Information below:

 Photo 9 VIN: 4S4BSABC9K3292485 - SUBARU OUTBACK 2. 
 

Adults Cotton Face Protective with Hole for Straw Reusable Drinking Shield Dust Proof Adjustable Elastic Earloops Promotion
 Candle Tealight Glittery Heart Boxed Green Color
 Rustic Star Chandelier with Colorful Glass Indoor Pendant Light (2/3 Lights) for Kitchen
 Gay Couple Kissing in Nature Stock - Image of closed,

End of Information.
Information below:

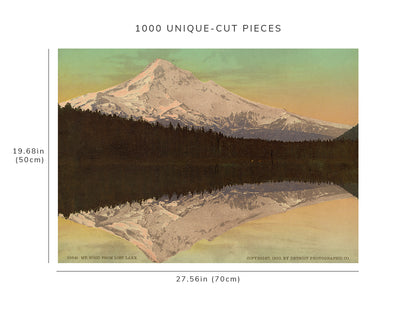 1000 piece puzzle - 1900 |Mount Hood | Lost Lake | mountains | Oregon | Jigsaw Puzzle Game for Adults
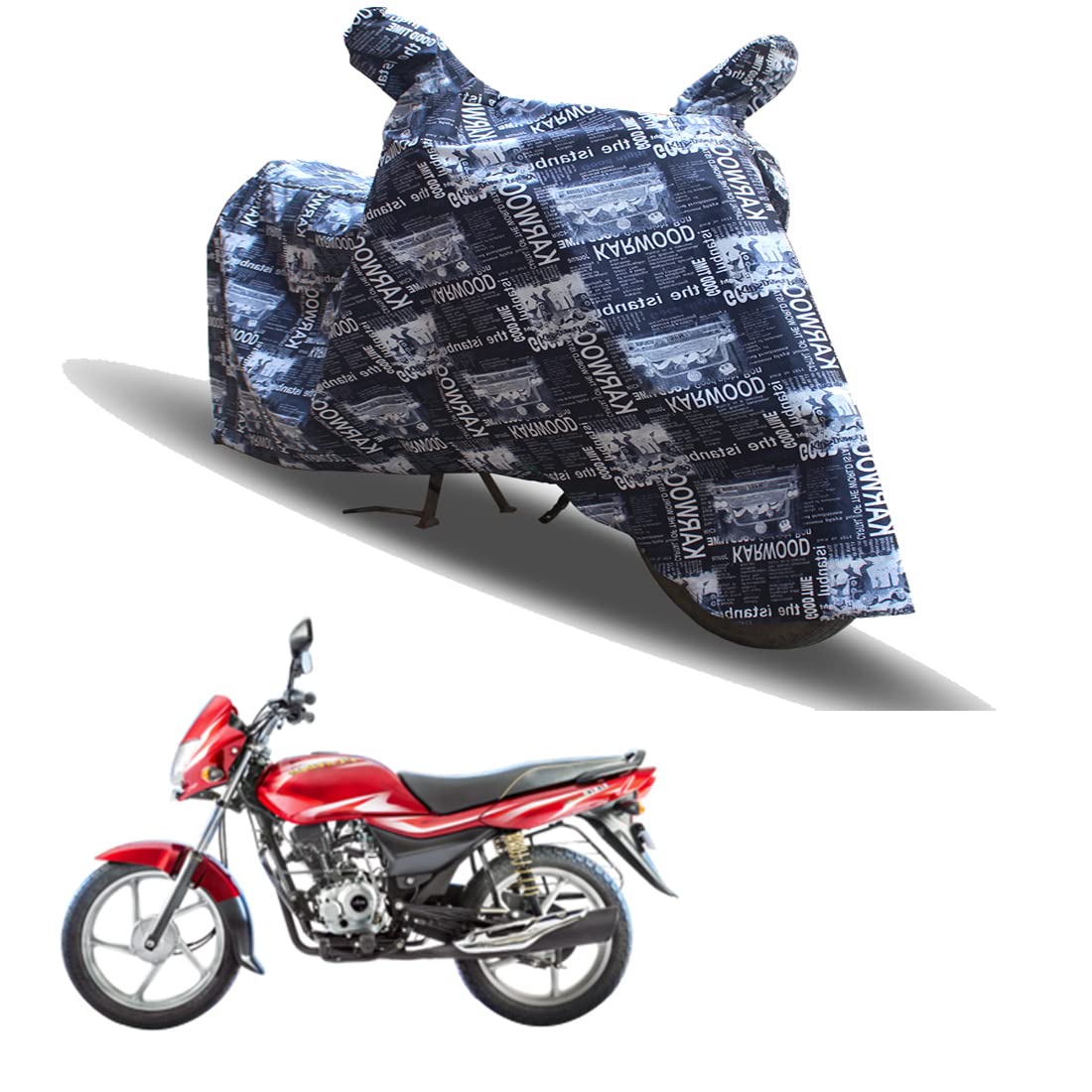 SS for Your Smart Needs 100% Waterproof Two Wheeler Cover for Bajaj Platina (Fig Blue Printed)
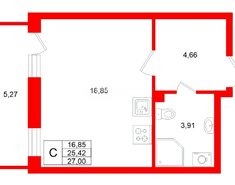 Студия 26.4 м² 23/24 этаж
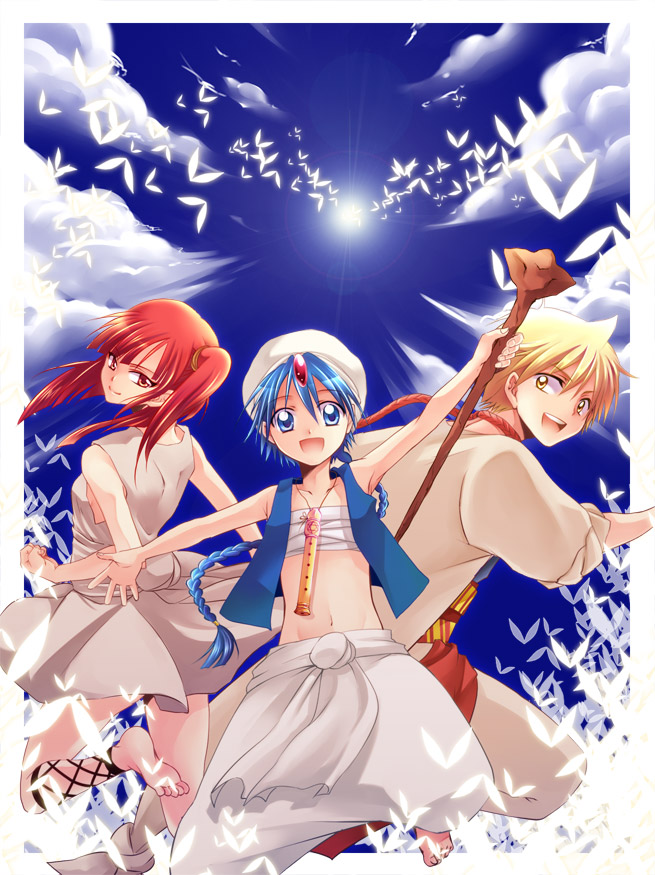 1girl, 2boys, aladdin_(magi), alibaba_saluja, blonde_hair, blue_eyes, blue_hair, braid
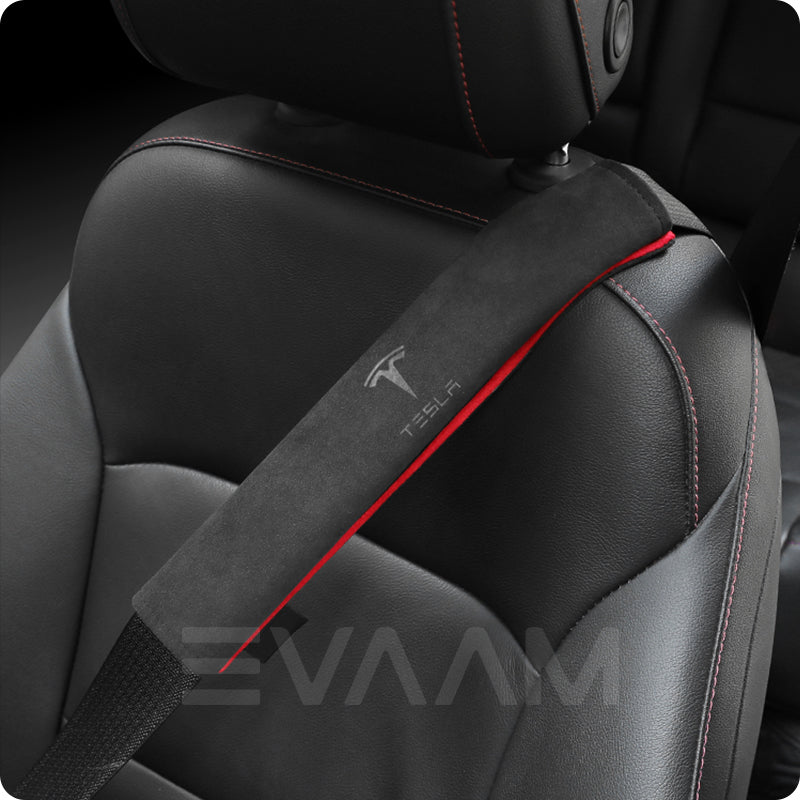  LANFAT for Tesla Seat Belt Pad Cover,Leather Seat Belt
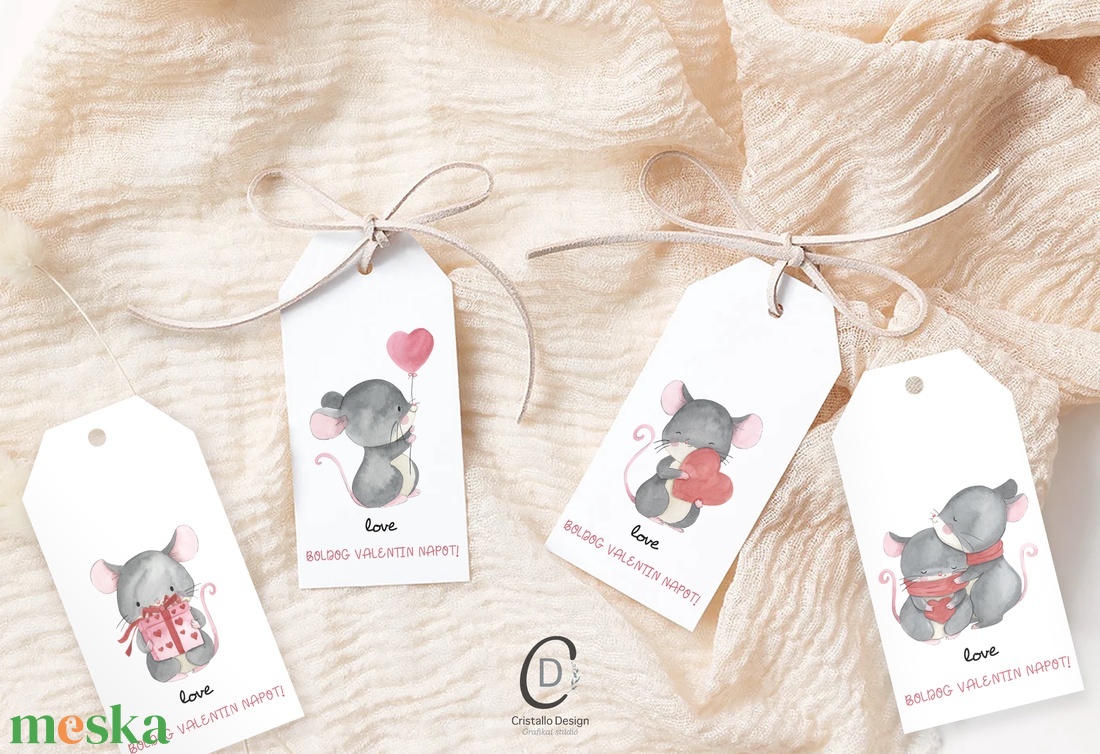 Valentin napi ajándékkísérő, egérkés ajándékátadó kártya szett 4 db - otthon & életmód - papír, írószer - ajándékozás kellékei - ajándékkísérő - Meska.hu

End of Information.

■ **Exercise**
Out of the entries, report each line that contains the word "with".

■ **Result of this task**
Adults Cotton Face Protective with Hole for Straw Reusable Drinking Shield Dust Proof Adjustable Elastic Earloops Promotion
 Rustic Star Chandelier with Colorful Glass Indoor Pendant Light (2/3 Lights) for Kitchen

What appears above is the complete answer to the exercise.